Rumesh Buddika

Personal information
- Full name: Rumesh Buddika Muthukumarana
- Born: 14 November 1990 (age 35) Matara, Southern Province, Sri Lanka
- Batting: Left-handed
- Bowling: Right-arm off-break

Domestic team information
- 2016/17: BRC
- 2015/16: Galle Cricket Club
- 2018/2020: Chilaw Marians Cricket Club

Career statistics
| Competition | FC | LA |
| Matches | 91 | 66 |
| Runs scored | 6005 | 1442 |
| Batting average | 42.89 | 24.86 |
| 100s/50s | 16/27 | 1/8 |
| Top score | 239* | 125 |
| Balls bowled | 1688 | 780 |
| Wickets | 25 | 18 |
| Bowling average | 43.56 | 32.22 |
| 5 wickets in innings | – | – |
| 10 wickets in match | – | – |
| Best bowling | 3/50 | 3/32 |
| Catches/stumpings | 70/– | 21/– |
- Source: Cricinfo, 18 December 2020

= Rumesh Buddika =

Sri Lankan cricketer

Rumesh Buddika Muthukumarana (born 14 November 1990) is a Sri Lankan cricketer. He is a left-handed batsman and right-arm off-break bowler who currently plays for Chilaw Marians Cricket Club. He was born in Matara District and had his education at Mahinda College, Galle, where he started his cricket career.

==Cricket career==
He represented Sri Lanka in the 2010 ICC Under-19 Cricket World Cup, which was held in New Zealand.
Buddika, who played in the 2008 Under-23 tournament for Chilaw Marians, joined Ragama Cricket Club in 2009, with whom he reached the semi-finals of the same competition with their representative Under-23 team. Buddika made his List A debut in the Premier Limited Overs Tournament in 2009–10, against Colts. He later represented Tamil Union cricket club for a few seasons, before moving to Galle Cricket Club in the 2015/ 2016 season.

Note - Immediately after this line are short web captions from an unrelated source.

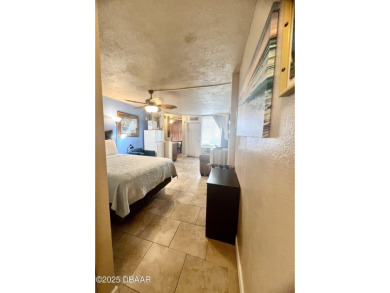 Beautiful and fully furnished condo at the sought after Ocean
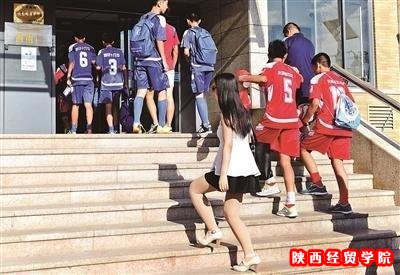 大学女生楼住进600名男生 女生担心男女混浴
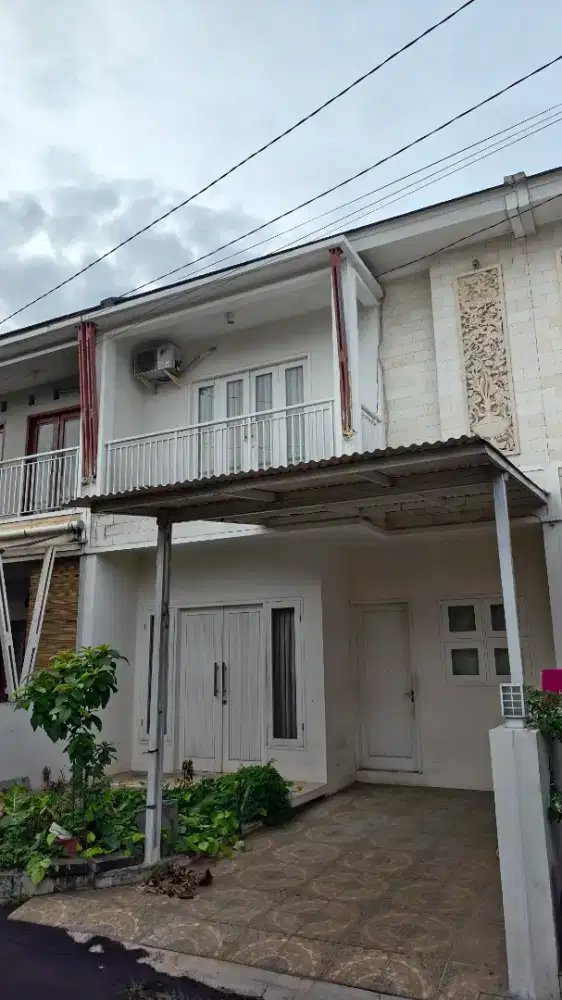 Disewakan rumah 2 lantai dekat stasiun LRT jatiwaringin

Rumesh has scored over 6000 first class runs including 16 hundreds. His career best performance is 239 not out for Tamil Union against Moors in 2014. He currently averages over 40 in first class cricket and is one of the most consistent performers in Sri Lankan club cricket. Rumesh Buddika also holds the Galle Cricket Club's record for the highest individual score by a batsman in first class cricket.

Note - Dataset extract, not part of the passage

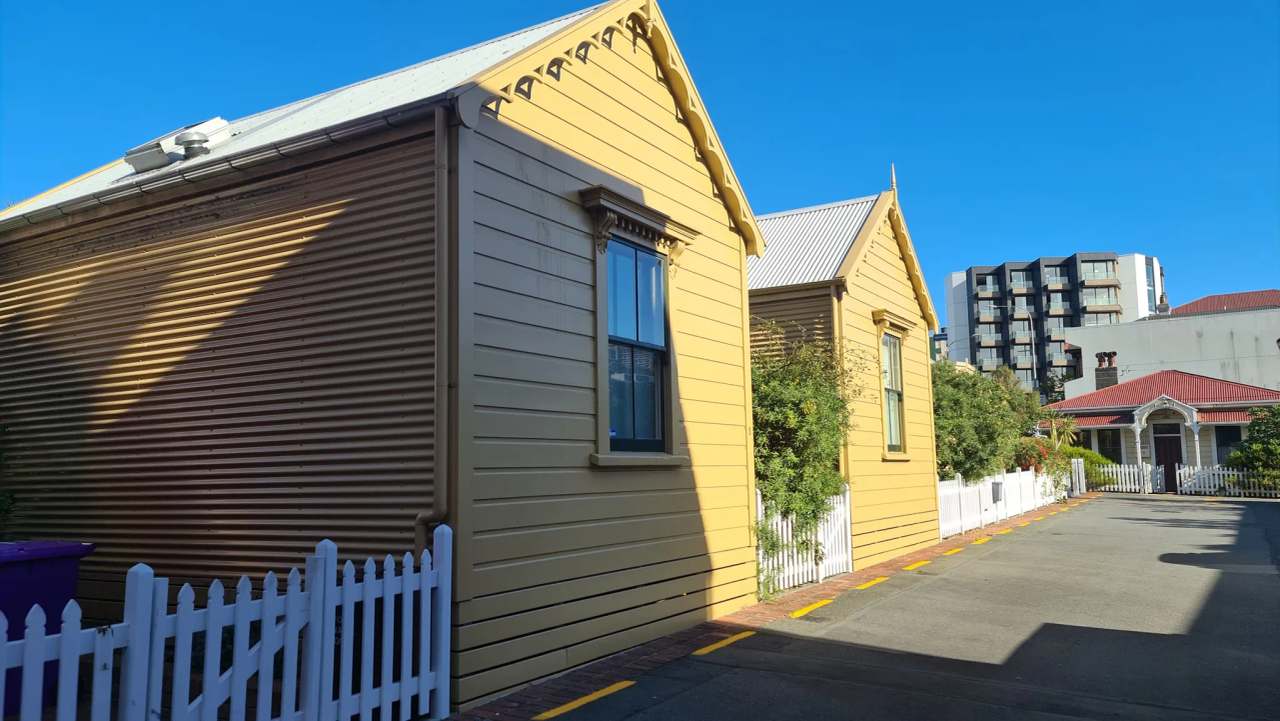 Wellington City Cottages — photo 1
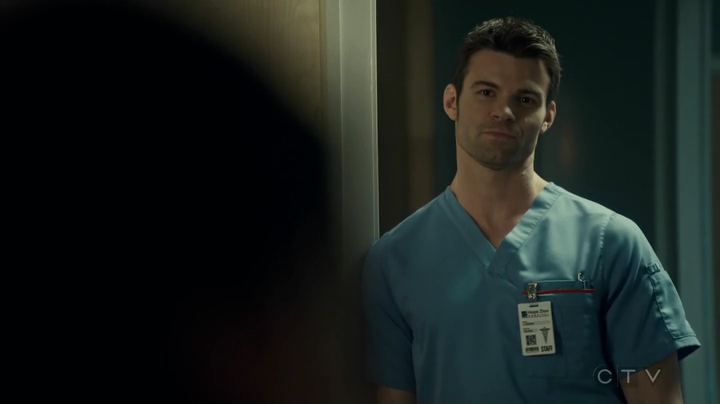 VampireDiariesWorld_dot_nl-SavingHope3x17-2380.jpg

In March 2018, he was named in Galle's squad for the 2017–18 Super Four Provincial Tournament.
He was the leading run-scorer for Burgher Recreation Club in the 2018–19 Premier League Tournament, with 781 runs in nine matches. He is also a former captain of the Sri Lankan Development Emerging Team.

==Records and trivia==
- In an Under 19 one day cricket match held between Sri Lanka and South Africa at Wanderers Stadium, Johannesburg in 2009, Rumesh Buddika outscored the entire opposition in their home conditions by 4 runs. He scored 139 runs in that game while the entire South African team managed to score only 135 runs.